* [What the task asks]: Everything from the line with "Trio Lighting Lámpara" to the end of the data below, both lines included, should be transcribed exactly; please omit the pictures.

* [Source data]:

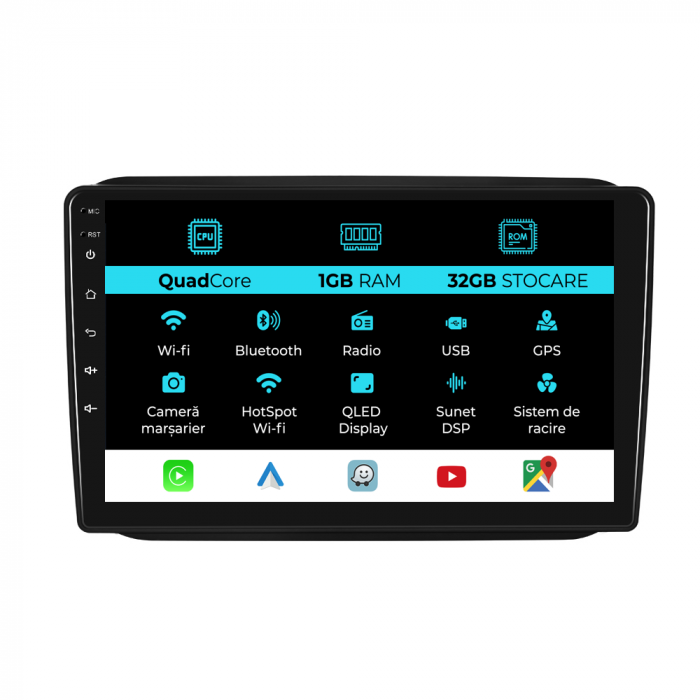 Navigatie Dedicata Skoda Fabia (2007-2014), 10Inch, 1Gb Ram, 32Gb Stocare, Carplay [1]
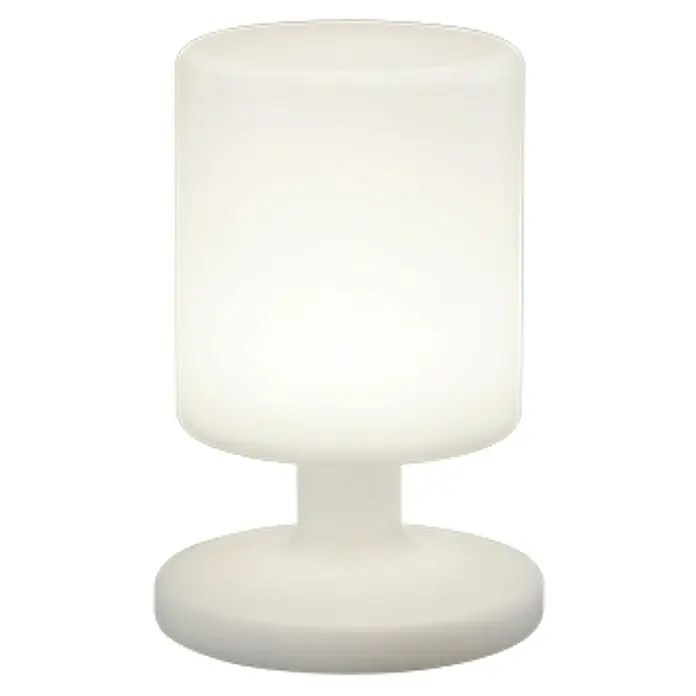 Trio Lighting Lámpara decorativa solar Barbados - 1,5 W, L x An x Al: 17 x 17 x 25,5 cm, Blanco, IP44 - Lámpara de mesa blanca con pantalla cilíndrica y base redonda, perfecta para iluminación ambiental en cualquier espacio.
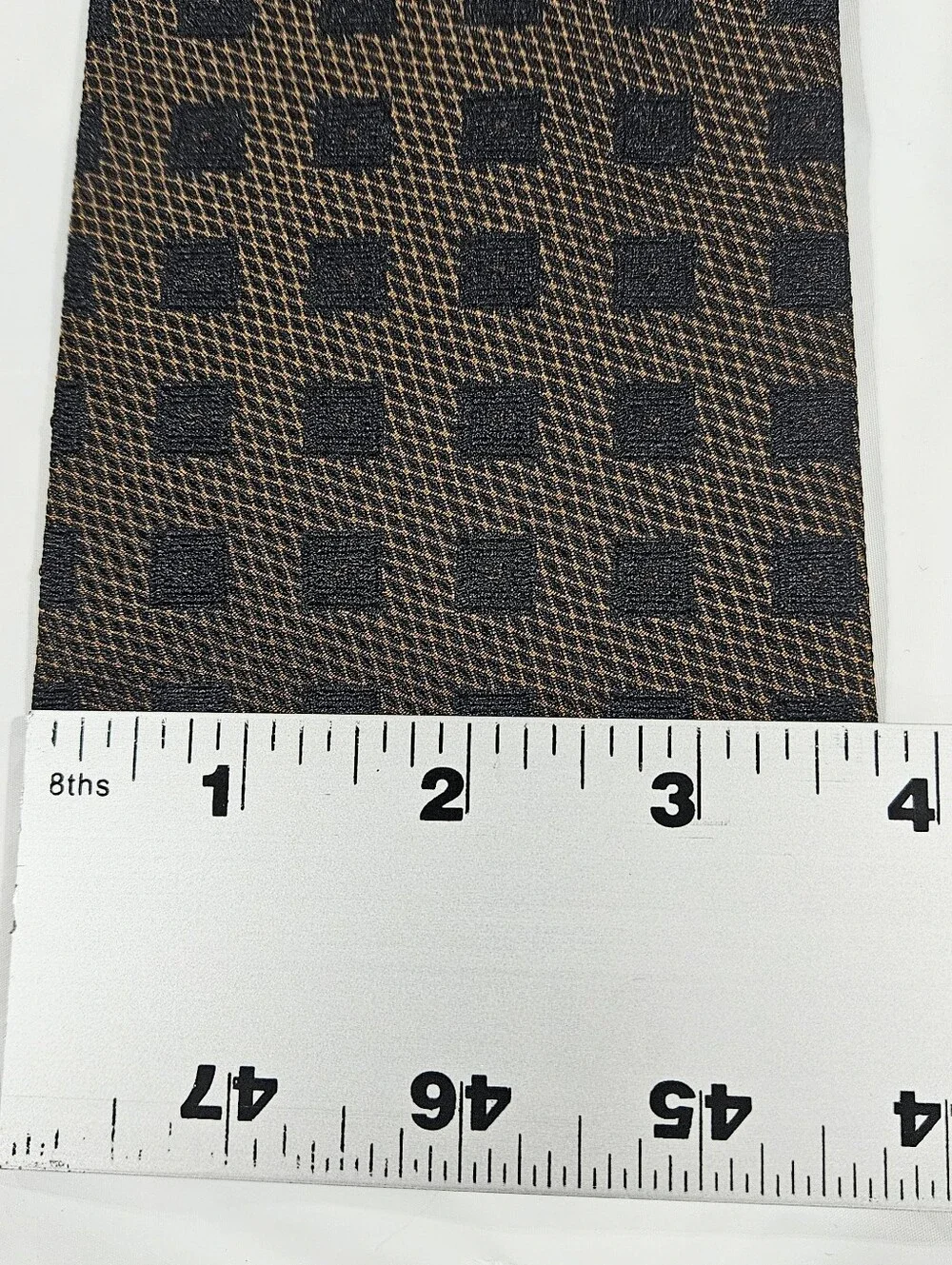 Today's Man Silk Necktie Bronze Black Geometric Square Pattern Made in Italy NWT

* [Written answer]:
 Trio Lighting Lámpara decorativa solar Barbados - 1,5 W, L x An x Al: 17 x 17 x 25,5 cm, Blanco, IP44 - Lámpara de mesa blanca con pantalla cilíndrica y base redonda, perfecta para iluminación ambiental en cualquier espacio.
 Today's Man Silk Necktie Bronze Black Geometric Square Pattern Made in Italy NWT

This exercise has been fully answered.